The European Central Bank's (ECB) decision to cut interest rates by 50 basis points in the aftermath of September's terrorist attacks signalled a decisive change in the fortunes of European equities. After lagging over the summer months, recent performance has been much better. Despite the firmer tone in markets, the economic outlook is far from benign. The latest economic releases suggest the economy is slowing markedly. Euroland GDP grew just 0.1% in the third quarter and Germany is now in recession. Given that pricing pressures are declining and inflation is likely to dip below the ECB's 2% ceiling shortly, we expect the ECB to cut rates again, possibly in February once the initial circulation of the new euro notes and coins has been completed.
However, in itself this is unlikely to lead to a rapid renaissance in European equities. Although Europe will benefit from a recovery in the US economy, if history is any guide, it is likely to lag any pick-up in the US by between three and six months. Overall, the lacklustre earnings outlook causes us to retain a neutral rather than overweight exposure despite the slightly more attractive valuation offered by European equities in comparison to US equities.
Although the Japanese economy and equity market should, in theory, benefit from a global economic recovery, the desperate plight of the economy and the authorities' policy paralysis suggest that it is not appropriate to remove our underweight position for the time being. Despite the gloom, the outlook for the stock market is not necessarily poor. Valuations are cheap relative to bond yields and on a historic basis the market P/E ratio is low, but Japan has been cheap for quite some time and could get cheaper still. While there appears to be little prospect of good news in the short term, if a positive catalyst does emerge, the stock market should be receptive. As a result, we are monitoring developments closely, but prefer to be underweight, seeing better opportunities elsewhere.
Given that the past few weeks have seen a strong rally in Asia, we believe that the regional markets may be in for a period of consolidation. The medium-term outlook is more positive. If the aggressive monetary easing seen so far succeeds in engineering a recovery in the US economy, then Asian and emerging markets will be big beneficiaries. In Latin America, Argentina's ability to avoid default is doubtful given its large debts and pegged currency. However, the potential for contagion across other emerging markets should be limited due to better fiscal discipline, floating exchange rate regimes and stronger banking systems.

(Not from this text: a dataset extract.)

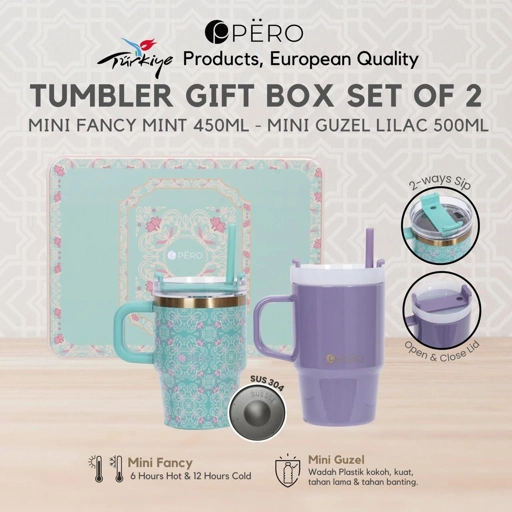 Image of Pero Paket Hampers Tumbler Gift Box Mini Fancy 450ML - Mini Guzel 500ML / Paket Hampers Botol Minum Tumbler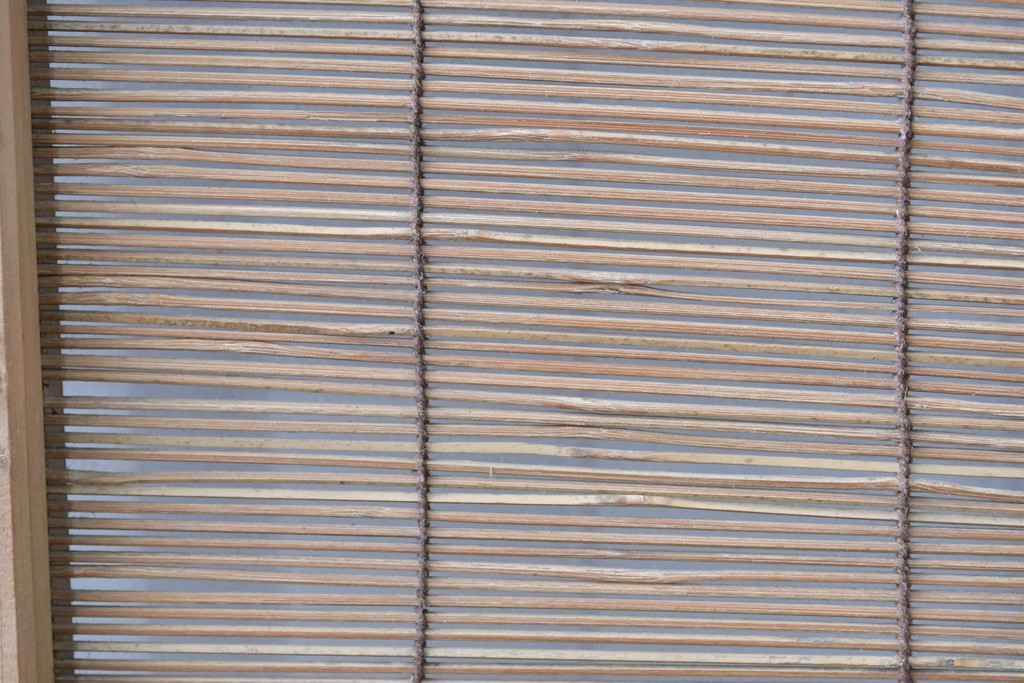 ヴィンテージ建具　昭和後期　細やかな簾とガラス窓が涼やかな簾戸4枚セット　(R-086070)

With the economic and corporate earnings outlook cloudy, equity market volatility is likely to persist. The key question is: when will the US economy start to recover? While we do not expect the US economy to recover until mid-2002, equities as a forward-looking indicator should move to discount a recovery perhaps as early as the first quarter of 2002. In the short term we expect to maintain a relatively defensive stance. As a result, we continue to put safety first and emphasise companies across a range of sectors which are reasonably valued and have a high degree of earnings visibility.